With large inputs, like calculating hash collisions, this formula potentially loses all of its significant digits - (N-1)/N will be rounded to 1, giving you an erroneous probability of zero.

Fortunately there's a second approximation which, while giving poor accuracy for small inputs, provides good accuracy for large ones:

1-e^(-S(S-1)/(2N))

(Reference: https://preshing.com/20110504/hash-colli...abilities/)

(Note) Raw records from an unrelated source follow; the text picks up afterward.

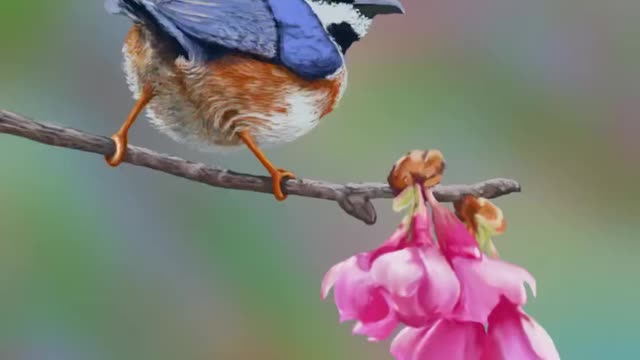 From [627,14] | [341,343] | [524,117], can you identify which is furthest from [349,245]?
[627,14]

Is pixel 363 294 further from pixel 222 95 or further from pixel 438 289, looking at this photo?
pixel 222 95

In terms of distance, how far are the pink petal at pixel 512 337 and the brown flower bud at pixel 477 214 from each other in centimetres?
8

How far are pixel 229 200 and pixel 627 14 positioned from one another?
390 millimetres

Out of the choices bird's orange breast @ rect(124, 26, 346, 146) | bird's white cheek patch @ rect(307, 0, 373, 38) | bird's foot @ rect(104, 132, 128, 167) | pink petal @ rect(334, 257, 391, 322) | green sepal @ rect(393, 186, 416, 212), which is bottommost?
pink petal @ rect(334, 257, 391, 322)

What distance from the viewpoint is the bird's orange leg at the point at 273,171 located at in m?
0.63

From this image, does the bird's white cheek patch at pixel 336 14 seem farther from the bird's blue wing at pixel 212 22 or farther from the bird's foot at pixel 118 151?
the bird's foot at pixel 118 151

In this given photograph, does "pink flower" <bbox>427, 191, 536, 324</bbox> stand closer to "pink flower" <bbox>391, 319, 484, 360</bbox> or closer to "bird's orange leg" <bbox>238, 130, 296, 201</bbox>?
"pink flower" <bbox>391, 319, 484, 360</bbox>

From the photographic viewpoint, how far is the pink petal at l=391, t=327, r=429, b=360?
0.59 metres

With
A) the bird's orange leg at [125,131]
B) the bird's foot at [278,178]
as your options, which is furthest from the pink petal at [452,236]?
the bird's orange leg at [125,131]

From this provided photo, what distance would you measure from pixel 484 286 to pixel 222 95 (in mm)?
248

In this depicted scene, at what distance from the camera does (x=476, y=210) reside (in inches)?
25.1

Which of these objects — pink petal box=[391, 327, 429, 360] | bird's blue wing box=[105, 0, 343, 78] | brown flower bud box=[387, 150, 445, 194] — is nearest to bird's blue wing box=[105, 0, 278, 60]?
bird's blue wing box=[105, 0, 343, 78]

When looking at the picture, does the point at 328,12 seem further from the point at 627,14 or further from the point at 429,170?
the point at 627,14

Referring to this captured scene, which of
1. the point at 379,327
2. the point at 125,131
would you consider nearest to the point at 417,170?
the point at 379,327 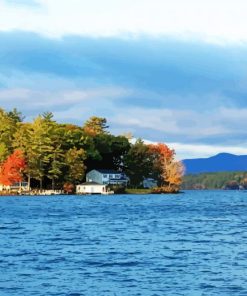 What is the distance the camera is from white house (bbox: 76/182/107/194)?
180875 millimetres

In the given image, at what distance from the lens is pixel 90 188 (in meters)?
184

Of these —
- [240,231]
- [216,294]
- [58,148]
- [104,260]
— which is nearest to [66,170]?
[58,148]

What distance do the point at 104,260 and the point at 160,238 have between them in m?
13.0

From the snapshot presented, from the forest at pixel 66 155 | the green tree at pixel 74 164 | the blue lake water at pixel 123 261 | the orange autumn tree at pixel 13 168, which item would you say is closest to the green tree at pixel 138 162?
the forest at pixel 66 155

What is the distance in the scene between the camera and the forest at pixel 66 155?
548ft

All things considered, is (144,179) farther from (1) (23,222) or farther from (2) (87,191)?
(1) (23,222)

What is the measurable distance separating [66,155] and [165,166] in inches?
1437

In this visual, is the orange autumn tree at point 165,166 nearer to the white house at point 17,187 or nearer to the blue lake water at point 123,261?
the white house at point 17,187

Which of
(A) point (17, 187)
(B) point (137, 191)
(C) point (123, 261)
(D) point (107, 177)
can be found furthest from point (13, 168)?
(C) point (123, 261)

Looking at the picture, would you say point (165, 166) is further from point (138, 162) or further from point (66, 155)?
point (66, 155)

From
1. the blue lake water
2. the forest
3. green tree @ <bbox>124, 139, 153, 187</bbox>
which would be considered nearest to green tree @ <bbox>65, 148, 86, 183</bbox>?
the forest

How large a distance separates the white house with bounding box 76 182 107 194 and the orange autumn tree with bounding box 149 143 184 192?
1665cm

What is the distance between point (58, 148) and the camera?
17050 centimetres

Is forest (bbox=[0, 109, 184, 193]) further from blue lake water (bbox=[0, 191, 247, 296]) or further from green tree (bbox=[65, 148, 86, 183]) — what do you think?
blue lake water (bbox=[0, 191, 247, 296]) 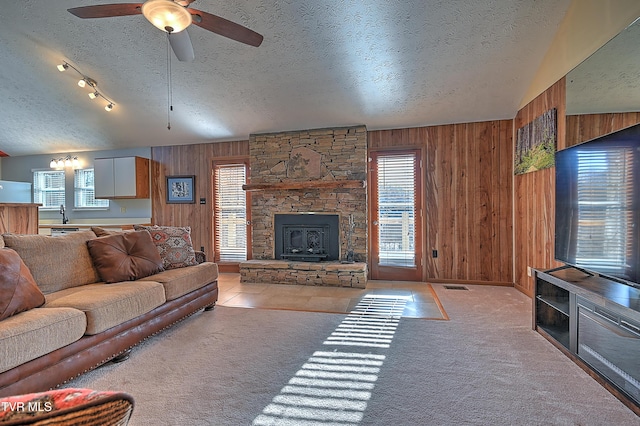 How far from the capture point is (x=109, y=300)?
216 cm

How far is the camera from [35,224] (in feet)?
13.7

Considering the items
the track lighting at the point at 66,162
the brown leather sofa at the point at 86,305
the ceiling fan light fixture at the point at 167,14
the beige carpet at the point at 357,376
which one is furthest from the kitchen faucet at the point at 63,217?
the ceiling fan light fixture at the point at 167,14

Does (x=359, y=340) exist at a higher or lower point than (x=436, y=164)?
lower

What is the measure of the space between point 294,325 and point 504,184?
357 centimetres

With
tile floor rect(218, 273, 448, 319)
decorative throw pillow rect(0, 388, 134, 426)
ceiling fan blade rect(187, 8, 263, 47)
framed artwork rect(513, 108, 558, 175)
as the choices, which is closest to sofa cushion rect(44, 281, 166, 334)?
tile floor rect(218, 273, 448, 319)

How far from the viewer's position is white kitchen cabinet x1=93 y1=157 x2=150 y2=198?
5508 mm

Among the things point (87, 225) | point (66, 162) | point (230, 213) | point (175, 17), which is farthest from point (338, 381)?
point (66, 162)

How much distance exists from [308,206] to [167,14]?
10.7ft

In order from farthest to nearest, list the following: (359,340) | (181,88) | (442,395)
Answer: (181,88) < (359,340) < (442,395)

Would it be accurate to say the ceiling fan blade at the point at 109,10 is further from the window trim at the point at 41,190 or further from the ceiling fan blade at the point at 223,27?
the window trim at the point at 41,190

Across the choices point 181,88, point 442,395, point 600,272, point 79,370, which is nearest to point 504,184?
point 600,272

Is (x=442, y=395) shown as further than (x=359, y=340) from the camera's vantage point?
No

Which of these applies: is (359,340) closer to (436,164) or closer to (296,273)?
(296,273)

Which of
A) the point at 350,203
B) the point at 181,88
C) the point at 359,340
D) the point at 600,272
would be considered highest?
the point at 181,88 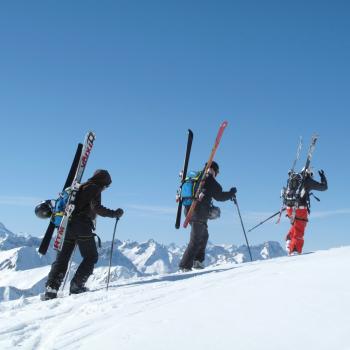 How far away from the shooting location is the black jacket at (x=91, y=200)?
30.1 feet

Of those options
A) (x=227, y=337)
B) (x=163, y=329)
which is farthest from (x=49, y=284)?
(x=227, y=337)

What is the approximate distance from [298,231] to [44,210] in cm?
710

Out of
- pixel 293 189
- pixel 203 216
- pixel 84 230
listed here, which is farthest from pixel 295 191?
pixel 84 230

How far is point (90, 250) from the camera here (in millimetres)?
9297

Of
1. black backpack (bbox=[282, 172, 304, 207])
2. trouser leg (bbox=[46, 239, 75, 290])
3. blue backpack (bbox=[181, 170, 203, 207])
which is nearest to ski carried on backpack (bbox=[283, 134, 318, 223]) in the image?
black backpack (bbox=[282, 172, 304, 207])

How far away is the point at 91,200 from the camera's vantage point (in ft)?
30.2

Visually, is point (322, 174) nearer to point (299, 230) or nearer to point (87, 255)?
point (299, 230)

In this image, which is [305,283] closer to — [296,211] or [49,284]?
[49,284]

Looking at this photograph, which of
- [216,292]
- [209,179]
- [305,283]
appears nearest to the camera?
[305,283]

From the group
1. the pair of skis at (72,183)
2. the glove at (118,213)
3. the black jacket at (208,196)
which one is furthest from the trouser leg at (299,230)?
the pair of skis at (72,183)

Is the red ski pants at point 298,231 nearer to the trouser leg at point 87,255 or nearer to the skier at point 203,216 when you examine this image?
the skier at point 203,216

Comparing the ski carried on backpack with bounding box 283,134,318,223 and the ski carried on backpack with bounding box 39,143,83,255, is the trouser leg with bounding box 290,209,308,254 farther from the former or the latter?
the ski carried on backpack with bounding box 39,143,83,255

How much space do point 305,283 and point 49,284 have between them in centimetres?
532

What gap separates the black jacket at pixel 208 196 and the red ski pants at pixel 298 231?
269cm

Of course, you may notice there's still a problem with this formula: if the x in e^x is very small, the result is 1 + an extremely small number, and the result will still be rounded to 1, giving a probability of 0. Fortunately, there's a simple way to accurately calculate e^x-1 (if you've programmed a TVM solver, you might recognize this):

e^x-1 = 2*sinh(x/2)*e^(x/2)

In order to use this transformation, we have to first restate the problem in the form of e^x-1, which is easy enough:

1-e^(-S(S-1)/(2N))
= -1*(e^(-S(S-1)/(2N))-1)
= -1*2*sinh(-S(S-1)/(2N)/2)*e^(-S(S-1)/(2N)/2)
= -2*sinh(-S(S-1)/(4N))*e^(-S(S-1)/(4N))

So this program first attempts to use the formula for small inputs, and if a result of 0 is obtained, it then applies the second formula to produce a result.

Usage

This program can either be run interactively to compute a probability for a given N and S, or via the solver to calculate N or S given the other two of N, S, and probability.

Interactive use:

XEQ B
Enter value for N, press R/S.
Enter value for S, press R/S.
Enter 0 for P (this variable is used with the solver), press R/S.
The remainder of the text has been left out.